Review: On Beauty

24 Feb
2006

This time I finished reading On Beauty in record time; record time in terms of my reading speed. I took a week to read the first 15 pages, and then I read the entire book this weekend.

On Beauty more or less defines my taste. This is what I like to read; this is the stuff that tickles my literary taste buds. I like bland food that is devoid of all embellishments and masalas but when it comes to reading literature — whether fiction or non-fiction — it has to contain the masala elements. I don’t like bland literature. I don’t like “simple facts of life beautifully written in small sentences.” No. I like my reading complicated. I don’t mind if a sentence stretches to a paragraph and there are at least 3-4 words in that paragraph that are incomprehensible to most readers. This is the pickle for me that make the book, the reading material in it, tasty. I like writers who can juggle with words and orchestrate intricately beautiful patterns with them. OK, if you are Kundera, it’s totally a different matter. But then, enough with my stylistic proclivities.

The book is mostly about the university life of Wellington — a posh, laidback American suburb near Boston. A black family having a white, British father lives there. The father, Howard, is a Rembrandt scholar and is the professor of liberal arts in the university, and is at loggerheads with another black professor — Monty Kipps — a thoroughly Anglicized Trinidadian scholar of Rembrandt, again, and hence the conflict, who is hell bent upon taking the word “liberal” out of liberal arts.
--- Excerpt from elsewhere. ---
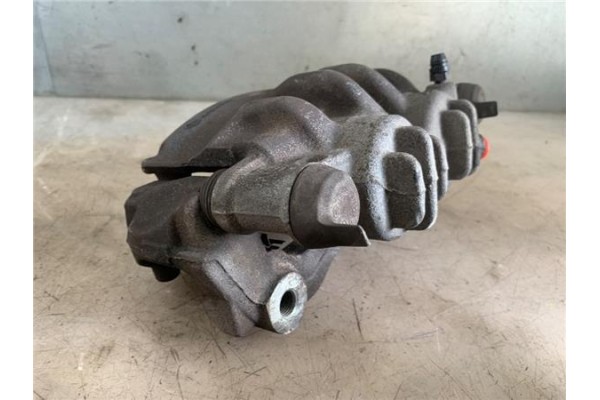 Recambio de pinza freno delantero derecha para renault master iii combi 2.3 l2h2 3,5t referencia OEM IAM A51007 A51100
Howard’s family consists of a big-black-but-beautiful wife Kiki, the eldest son Jerome who falls in love with Monty Kipps’ daughter Victoria (who is out to get laid by all and sundry throughout the novel), a daughter named Zora who is a pseudo-scholastic intellectual pursuing arts studies in the same university, and the youngest son named Levi who tries to get to the root of his black identity in a white neighborhood and ends up with a group of Haitian thieves. And of course, they have a dog named Murdoch.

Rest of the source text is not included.